Image-caption web data:

* * * * * * * * *

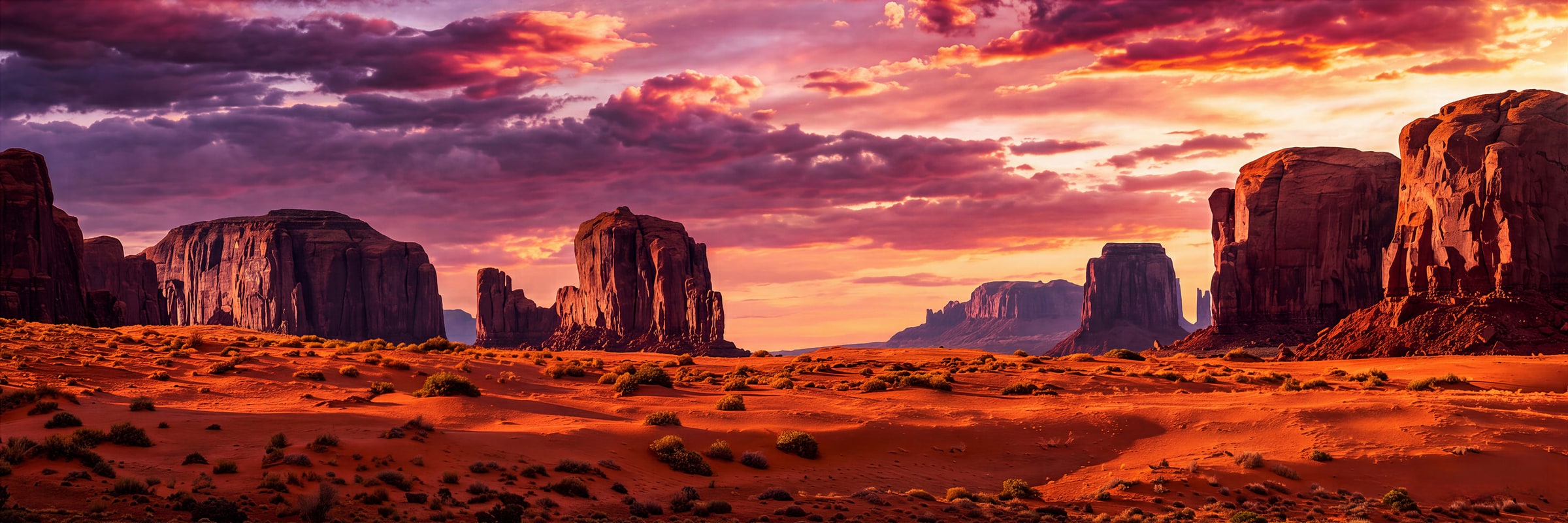 Panoramic fine art photograph of Monument Valley by Sarah L. Glabman: towering red sandstone buttes and mesas above a glowing orange desert floor beneath a sunset sky of deep purple, magenta, pink and golden clouds.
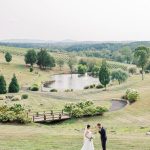 Bride and groom at Northern Virginia vineyard wedding venue with pond, rolling hills, and mountain views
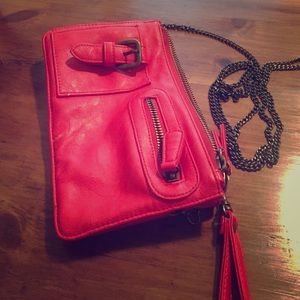 Urban Outfitters red purse with chain strap.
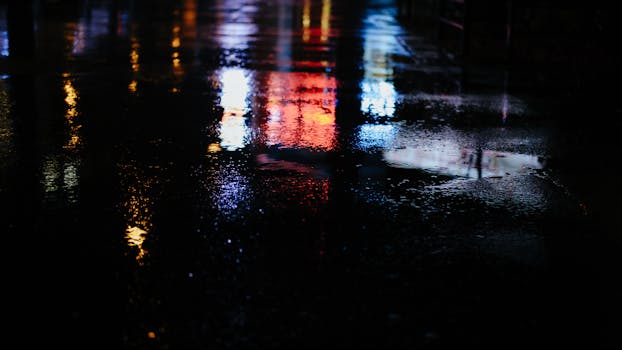 Colorful reflections of city lights on a wet street at night create a vivid, moody atmosphere.
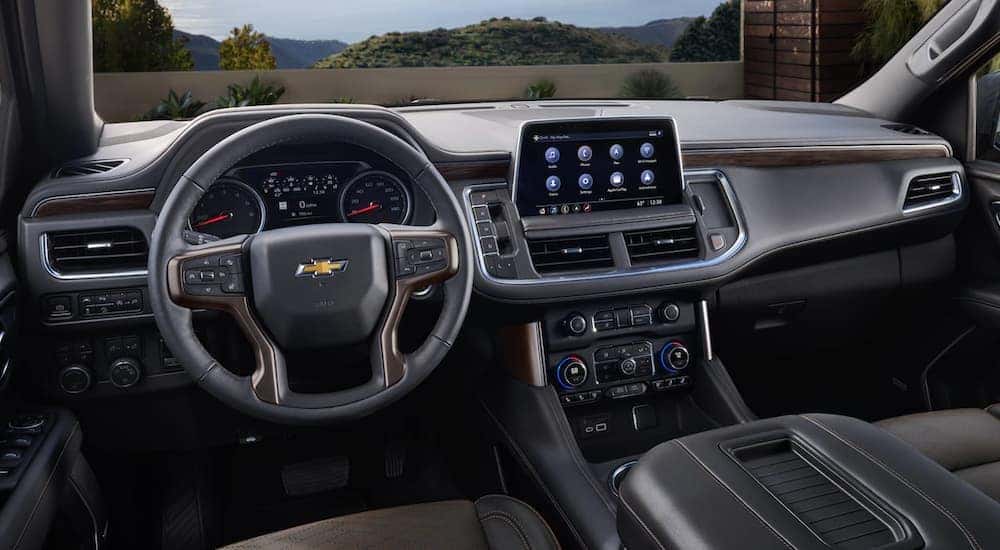 The black interior of a 2021 used Chevy Suburban for sale is shown from the drivers seat.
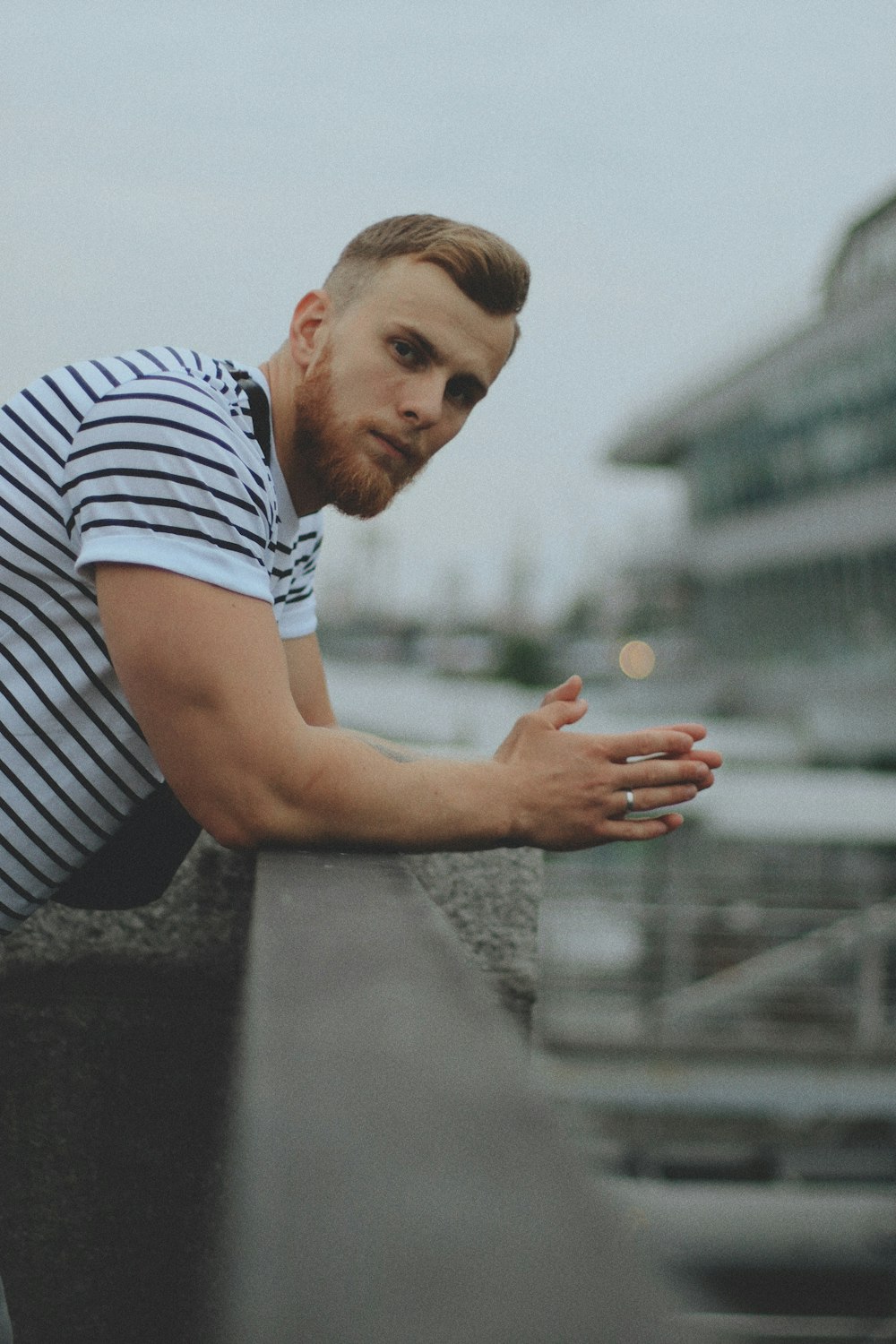 man in black and white striped top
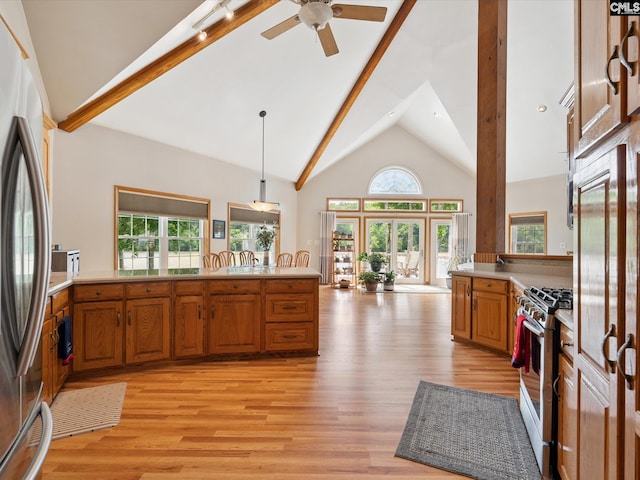 887 Living Waters, Great Falls, SC 29055 - kitchen featuring appliances with stainless steel finishes, brown cabinetry, high vaulted ceiling, light wood finished floors, and light countertops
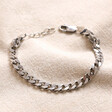 Men's Sterling Silver Curb Chain Bracelet on top of neutral coloured fabric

* * * * * * * * *

• Your objective: Without carrying over any pictures, retype the records above exactly.

• Answer for this exercise:
 Panoramic fine art photograph of Monument Valley by Sarah L. Glabman: towering red sandstone buttes and mesas above a glowing orange desert floor beneath a sunset sky of deep purple, magenta, pink and golden clouds.
 Bride and groom at Northern Virginia vineyard wedding venue with pond, rolling hills, and mountain views
 Urban Outfitters red purse with chain strap.
 Colorful reflections of city lights on a wet street at night create a vivid, moody atmosphere.
 The black interior of a 2021 used Chevy Suburban for sale is shown from the drivers seat.
 man in black and white striped top
 887 Living Waters, Great Falls, SC 29055 - kitchen featuring appliances with stainless steel finishes, brown cabinetry, high vaulted ceiling, light wood finished floors, and light countertops
 Men's Sterling Silver Curb Chain Bracelet on top of neutral coloured fabric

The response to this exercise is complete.